Postby Kival » Mon Apr 23, 2012 3:39 pm

BrianD wrote:
shadowninja wrote:It's not unbalanced, look the passive value rules, when a specialization apply to the roll, add 1 for each 1B possessed (pag 52). Using Free Attack, you can apply specialization too, using the same rules. Why not use the same to Combat Defense?

That said, Combat Defense isn't a passive test result, it's the sum of three abilities. Having Agility 4 and Agility 3 (Dodge 1B) provide the same bonus to CD doesn't really make sense to me when the passive results of those two stats would be 16 and 13 respectively, especially considering raising Agility after character creation costs you 30 XP and raising your Dodge specialty only costs you 10 for the same +1 boost to CD.

The gap between passive test results and the two defense scores is actually one of the few big things that bug me about the SIFRP system. For example, to get a passive Awareness result of 12 requires only 10 XP; to get a Combat Defense of 12 requires an investiture of 120 XP. The problem is that both the Stealth and Fighting abilities are pretty much exclusively tested against those two values, and they require the same amount of XP to improve.

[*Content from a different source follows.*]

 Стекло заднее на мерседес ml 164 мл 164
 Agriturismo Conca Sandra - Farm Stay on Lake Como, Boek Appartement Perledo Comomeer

Essentially, your returns on investing in Fighting are way higher - putting 100 XP into Fighting 6 gives you a cool 99% chance of hitting someone who invested 20 more XP than you towards boosting their CD stats, whereas putting 100 XP into Stealth 6 earns you a measly 28% success rate against someone who spent the same 100 XP on Awareness 6. Something's just always seemed off to me about that.


Just reduce passive defense to 3*skill (and perhaps compensate with 2 times for boni dice); it's a big mistake to give the passive ability better averages then when actively rolling.